I'm curious if this still works - my drive/media is also seeing similar issues.  I have feeling this may have suffered some bit rot as well, but also can't discount the fact that the media or drive may have seen its better days.

The media/drive can SAO fine though (DVD+RW media).

----------

## dE_logics

So a kernel bug should be filed.

----------

## eccerr0r

I haven't ruled out bad drive/bad media.  I think SAO does not reveal as many hardware issues as packet writing...

----------

## dE_logics

I've tried 3 DVD writers. But it works in Windows, so there must be something wrong with this driver.

Input from other people will be nice.

Someone with another hardware?

----------

## eccerr0r

I've got a TSST SH-W162C (PATA DL in a USB enclosure), SH-S203B (SATA DL connected to a SATA port), and a Pioneer DVR-A06 (PATA single layer, also USB).  The recent test was on the SH-W162C, I will have to try on the others when I have a chance...

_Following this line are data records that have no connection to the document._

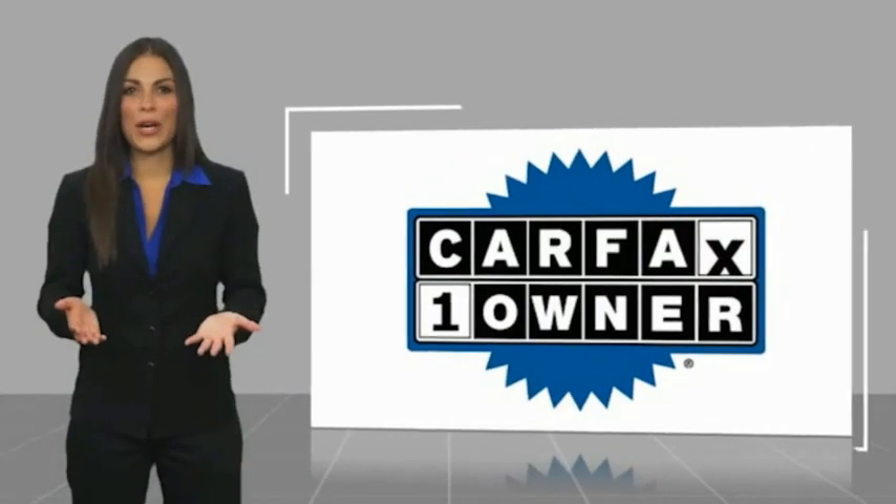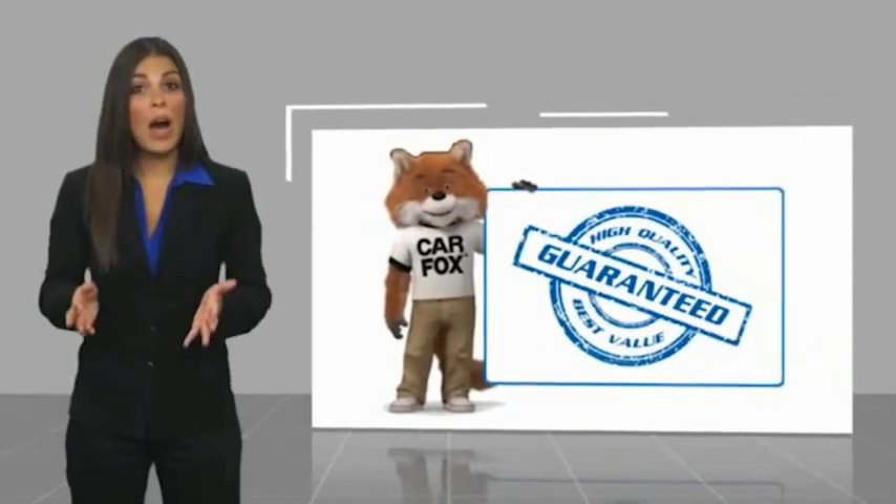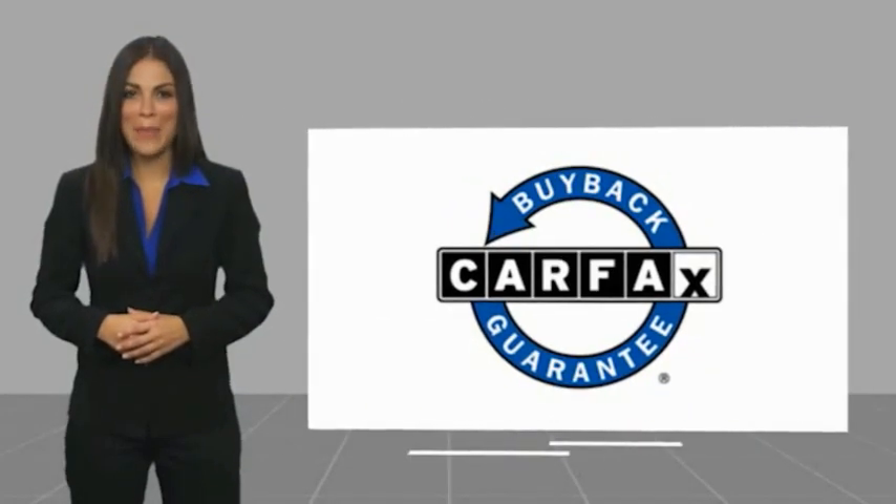This is a one-owner vehicle with a Carfax Vehicle History Report. Be sure to find a complimentary copy of this report online or contact the dealership. This vehicle qualifies for the Carfax Buy Back Guarantee.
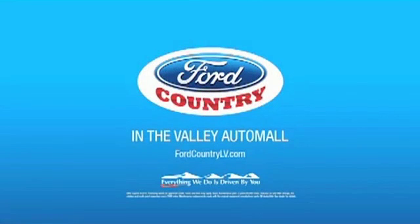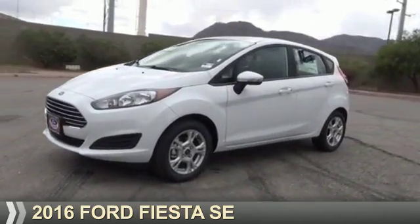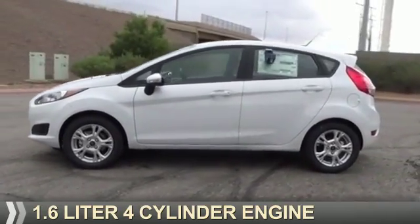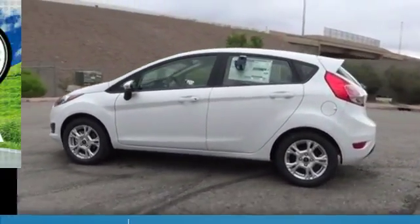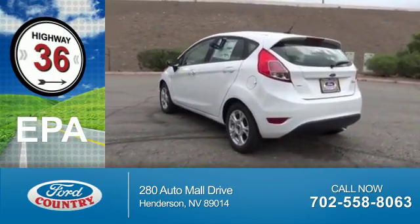Visit Ford Country in the Valley Auto Mall today. Presenting the 2016 Ford Fiesta. It's powered by front wheel drive, a 1.6 liter 4-cylinder engine. Great fuel efficiency saves you money by requiring fewer trips to the gas station.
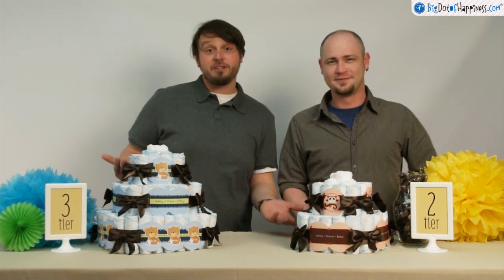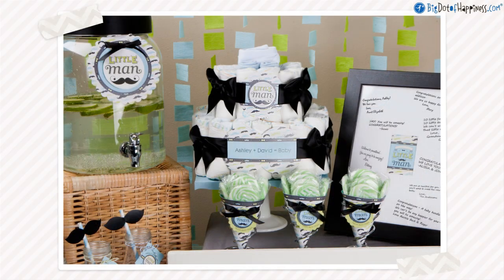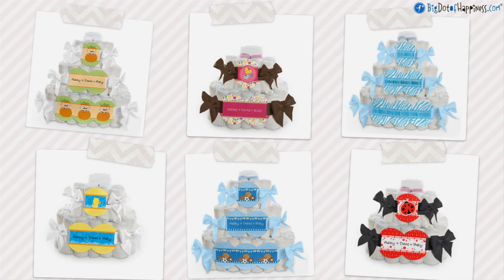Are you looking for more bang for your buck? Pfft, who isn't? You should try these baby shower diaper cakes! That's right, they're both a centerpiece and a gift for the mom-to-be. In one! These square diaper cakes come with one line of personalized text and can match many of our adorable baby shower themes.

I know this was working in the past but was extremely slow, that's why I was suspecting bitrot... but since there was such a gap since I last tested it and the media/drive have degraded, I don't know...

but yes, since SAO is working I kind of suspect most of it should be working...

BTW, I've only tried DVD+RW and CDRW media.   DVD+RW media doesn't need pktsetup IIRC, but CDRW does.  CDRW in packet mode is miserable.  Plus I never got too many high speed media disks - my DVD+RW media are 2.4x and most of my CDRW media is 4x...

UPDATE:

My SH-S203B works when I mkudffs --media-type=dvdram (not sure if this is legal) on a dvd+rw media and then subsequently mount /dev/sr0 /mountpoint ...  No errors in syslog.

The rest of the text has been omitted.